Adolescence is a period of transition characterized by significant hormonal, psychosocial, and neural changes in rodents (postnatal day (PND) 28–42) and humans (12-18 years of age).[32] Adolescence is a time of increased exploration and the development of social, emotional, and cognitive skills to prepare for independence of adulthood. However, adolescence is also associated with increased vulnerability to stress and risk-taking behaviors, such as sensation seeking and experimentation with recreational drugs.[33–35] These age-specific behaviors are largely due to maturational changes in the brain.

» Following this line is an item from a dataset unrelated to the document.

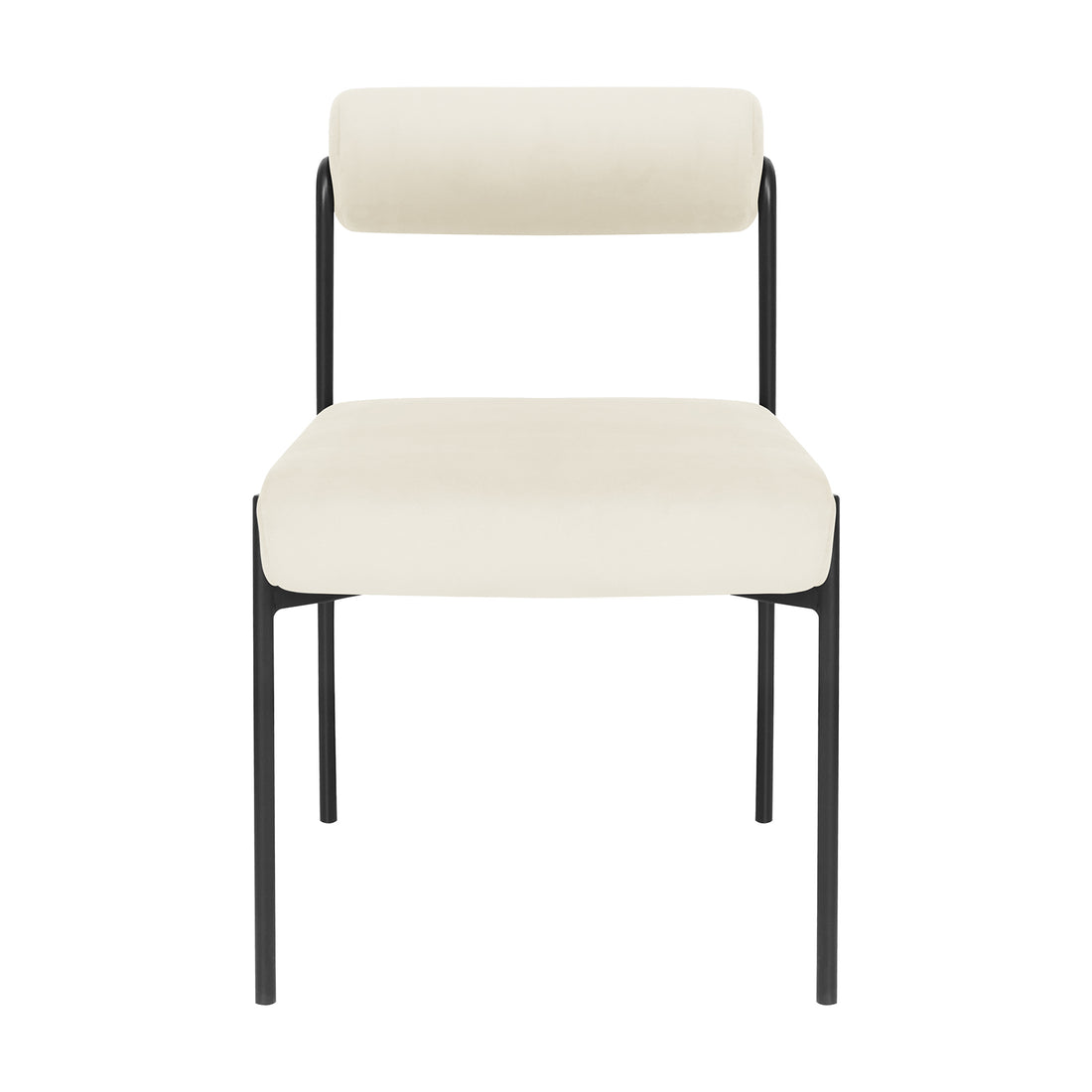 Alona Modern Velvet Dining Chair Set of 2 in Cream White, featuring a minimalist design with a slim black-metal frame, padded cream seat, and cylindrical backrest, exuding elegance and modern simplicity.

During this sensitive maturational period, the brain is particularly vulnerable to the harmful effects of drugs of abuse, including tobacco and nicotine products. Nicotine is the primary psychoactive constituent in tobacco products and binds to nicotinic acetylcholine receptors (nAChRs), which are pentameric ligand-gated ion channels composed of α and β subunits (α1-7, 9–10; β1-4). nAChRs are widely distributed throughout the human and rodent brain and periphery, and are critical in the processes of the neuromuscular junction, neurotransmitter release, brain maturation, reward processing, and cognition.[36–45] nAChRs are activated endogenously by acetylcholine or exogenously by nicotine, and are expressed by the majority of neuronal subtypes, including dopaminergic neurons, which facilitate drug intake and abuse.[46–49] Nicotine exposure during adolescence, in particular, disrupts the normal development and expression of neuronal nAChRs, ultimately altering the function and pharmacology of the receptor subunits and changing the release of dopamine, serotonin, GABA, glutamate, and other reward-related neurotransmitters.[50–52]

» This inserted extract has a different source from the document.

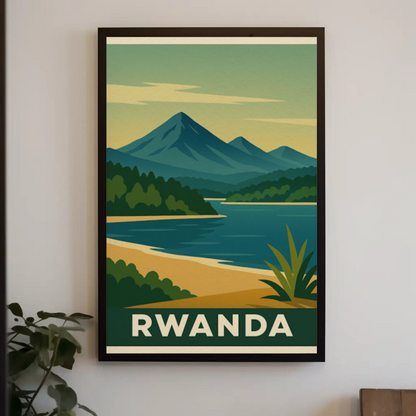 Rwanda Lake and Mountains Modern Poster Travel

Many factors are recognized to contribute to the onset of teenage substance abuse, such as genetics, stress, and socioeconomic status.[53,54] While various mechanisms may impact substance abuse and addiction, this review focuses on the influence of developmental nicotine exposure on long-term changes in reward neural circuitry and subsequent drug use. We highlight findings from both human and rodent studies, as animal models provide insight into human brain maturation, physiology, and behavior.[32,55,56] We argue that the effects of nicotine are highly dependent on timing of exposure, and that nAChRs interact with other drug receptor systems to directly mediate reward and reinforcement.

Clinical Implications. The escalation in teenage use of nicotine products prompts the need to raise awareness of the detrimental effects of developmental nicotine exposure. A more complete understanding of nicotine's gateway effects during adolescence is critical due to the extremely high and rising economic and societal costs, as well as deaths, associated with substance use. Estimates suggest that drug dependence in the U.S. is associated with over $700 billion in annual costs and more than 64,000 drug overdose deaths in 2016, which is nearly double what was observed the prior decade and continues to climb.[57–59] We provide evidence for the gateway hypothesis in an effort to build knowledge for Emergency Department clinicians and other healthcare professionals to exhaustively advise their patients and patients' caretakers. The depth of this understanding, specifically the molecular consequences of adolescent nicotine use, allows for individualized treatment plans with a greater emphasis on medication interactions, care coordination, community resources, education, and advocacy. These clinical adjustments may contribute to decreases in addiction and drug-related emergencies.